Douglas Ross will pledge to kickstart a skills revolution as he announces a new fund to help people get back into work or progress their career in a bid to fend off a “tsunami of unemployment” in the wake of coronavirus.
In his headline speech to the Scottish Conservative conference on Monday, Mr Ross will outline a manifesto pledge for May’s Scottish Parliament election that would see every Scot given access to an annual £500 ‘Retrain to Rebuild’ account.
The party would seek to roll out the scheme to 100,000 people for two years before expanding it to a universal offering in 2023.
In the first two years, the scheme would primarily target people who are currently unemployed, anyone facing redundancy, and people earning less than £30,000.
The proposals would bring businesses, colleges and skills providers together in new Institutes of Technology to deliver rapid retraining courses and identify potential employment opportunities.
The Scottish Conservatives said they would fund the proposal by streamlining some of the current Scottish Government skills and employment budget, topped up by some of the recent £1.2 billion additional Barnett funding from the UK Government.
A crisis for years to come
Addressing the conference on Monday, Mr Ross will say: “We may be nearing the end of the health crisis, thanks to the success of the vaccine scheme, but the economic crisis will loom over us for years to come.
“The UK furlough scheme has protected around a million Scottish jobs but to rebuild Scotland, we need to start focussing on the jobs of the future.

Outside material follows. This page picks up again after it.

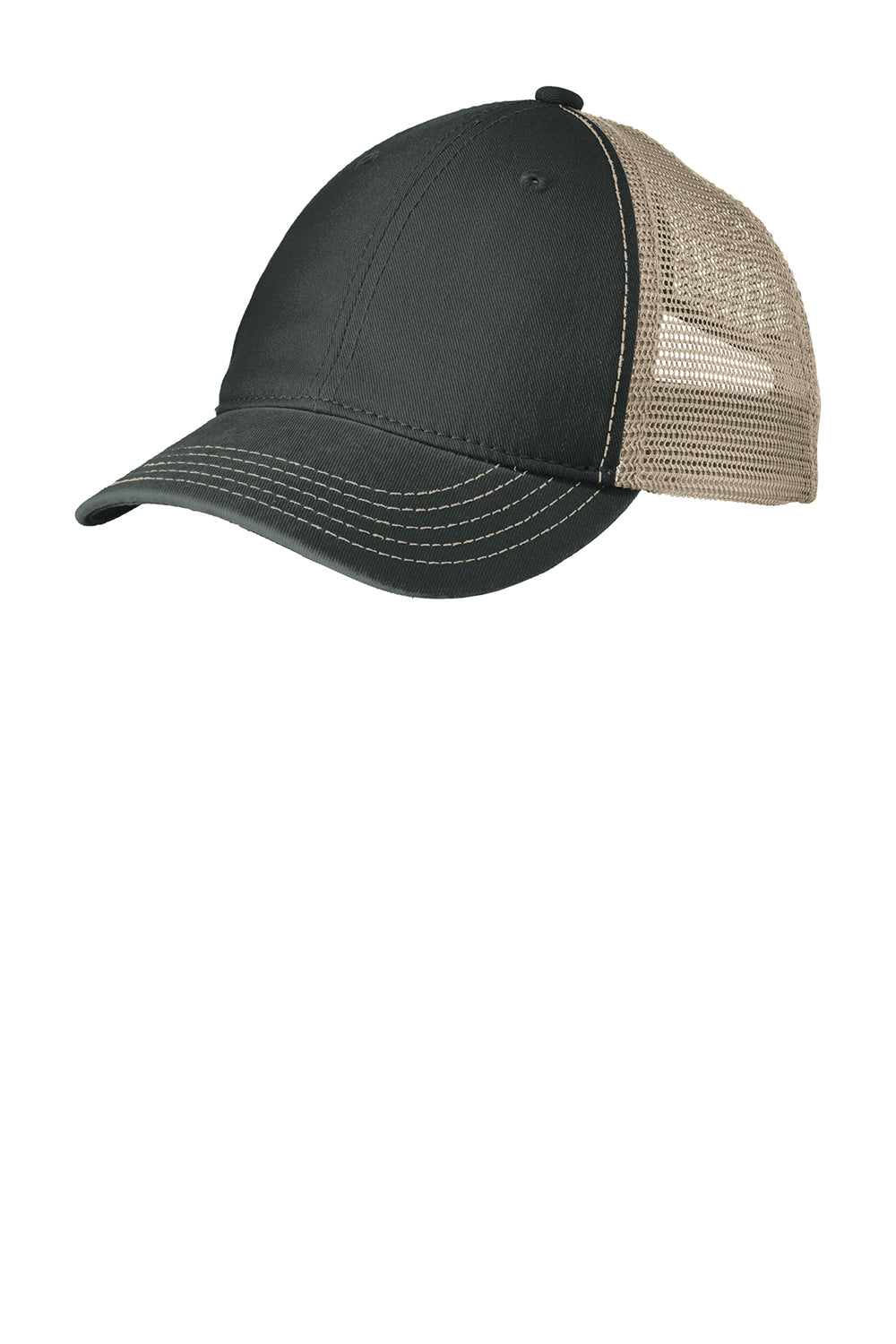 District DT630 Mens Adjustable Hat Black/Khaki Brown Front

“Faced by a tsunami of unemployment, we need an emergency response that matches the scale of the problem. Our Retrain to Rebuild accounts would give people in work the support to learn new skills and progress.
“It would give people struggling for work the chance to rapidly retrain and get a new job or kickstart a new career.”
Mr Ross believes the benefits of the scheme would flow to all sectors of society by driving up productivity, attracting more investment, fostering new businesses and increasing funding to local services.
He will pitch his party as the alternative to the SNP, which he will claim “closes doors and limits opportunity, telling people that they have to wait for independence to achieve and get ahead”.
Manifesto pledges
The latest policy announcement comes after the party pledged this weekend to repeal the SNP’s controversial Hate Crime Bill and “and only revive the universally-accepted parts that do not threaten freedom of speech”.
The Bill, described as the “most controversial in the Scottish Parliament’s history”, achieved majority support from MSPs last week, despite concerns it could lead to a potentially “chilling effect” on freedom of expression.
It would consolidate a number of laws into one piece of legislation but would also add the offence of “stirring up hatred” on the grounds of religion, sexual orientation, age, disability and transgender identity.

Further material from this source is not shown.